*What is needed*. Please repeat each line from the one holding "Вытяжка KRONA RUNA" through the final line of the data, exactly as it stands, with no pictures.
Segment Start: Material shown
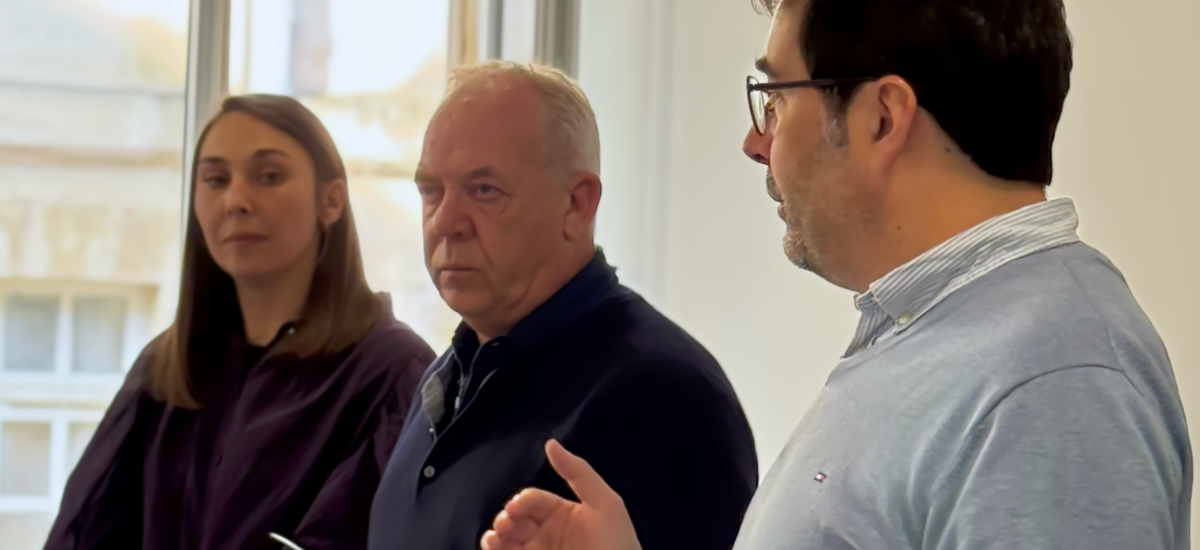 photo articles wordpress 2026 04 02t111045.489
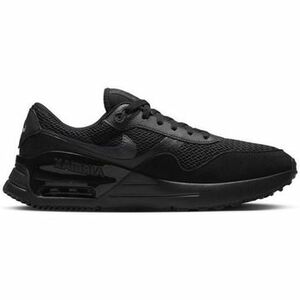 Divat edzőcipők Nike AIR MAX SYSTM kép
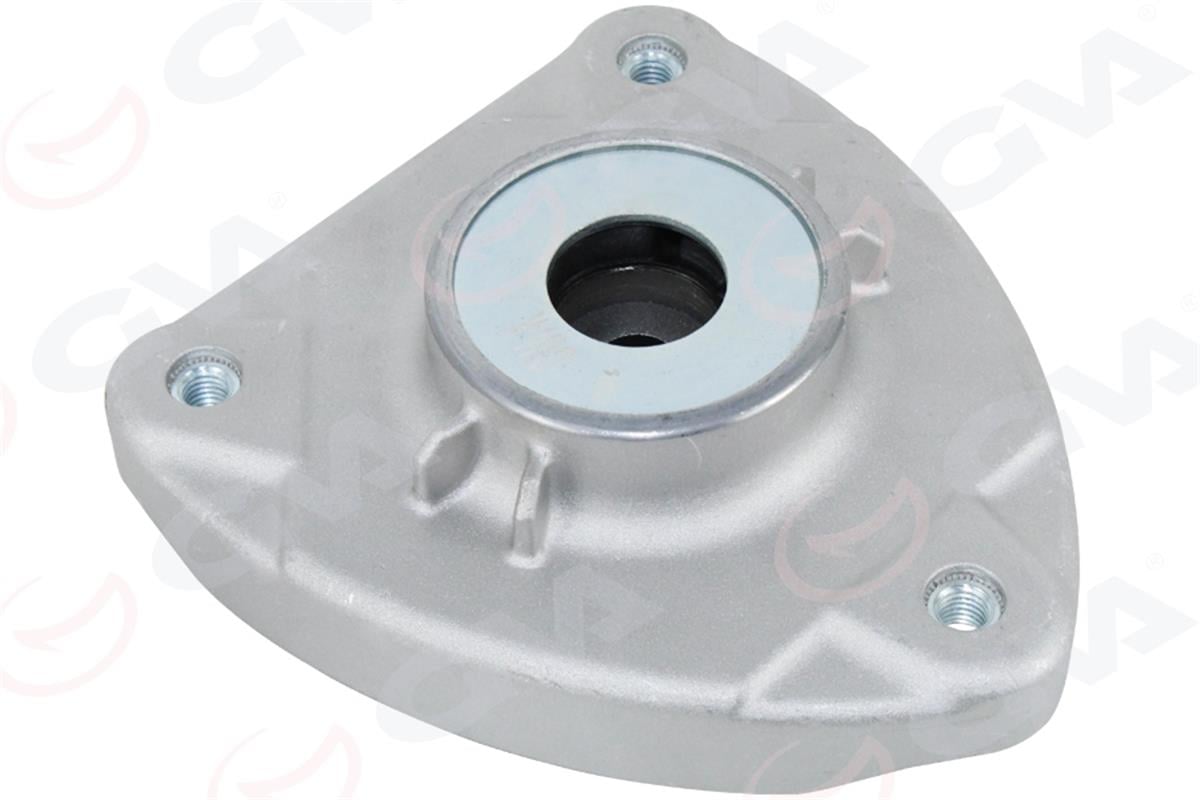 Mercedes W176 W246 C117 X156 Amortisör Takozu Ön A2463230020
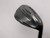Wilson Harmonized Sand Wedge SW 56* 12 Bounce Wedge Steel Mens RH, 2 of 12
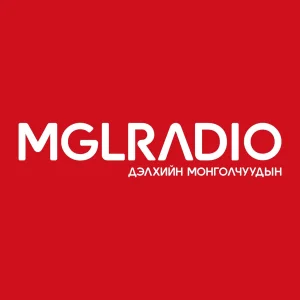 MGL Radio (MGLRADIO 88.3)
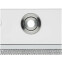 Вытяжка KRONA RUNA 600 White S - 00026691 - фото 9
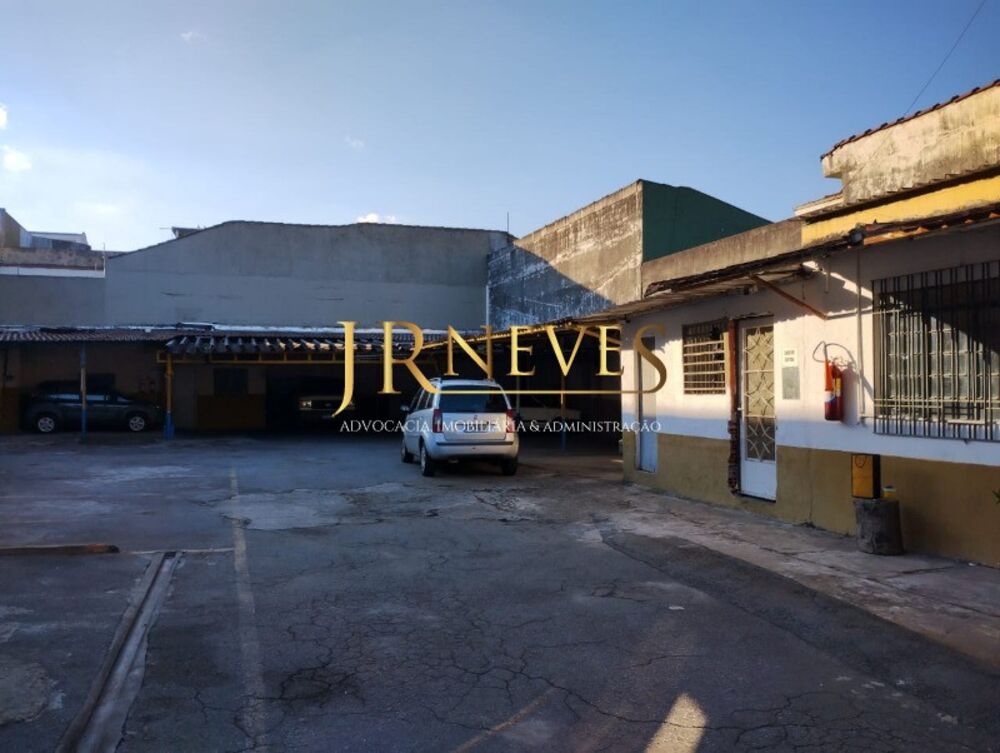 Loteamento e Condomínio, 649 m² - Foto 4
Segment End: Material shown
*Answer*.
 Вытяжка KRONA RUNA 600 White S - 00026691 - фото 9
 Loteamento e Condomínio, 649 m² - Foto 4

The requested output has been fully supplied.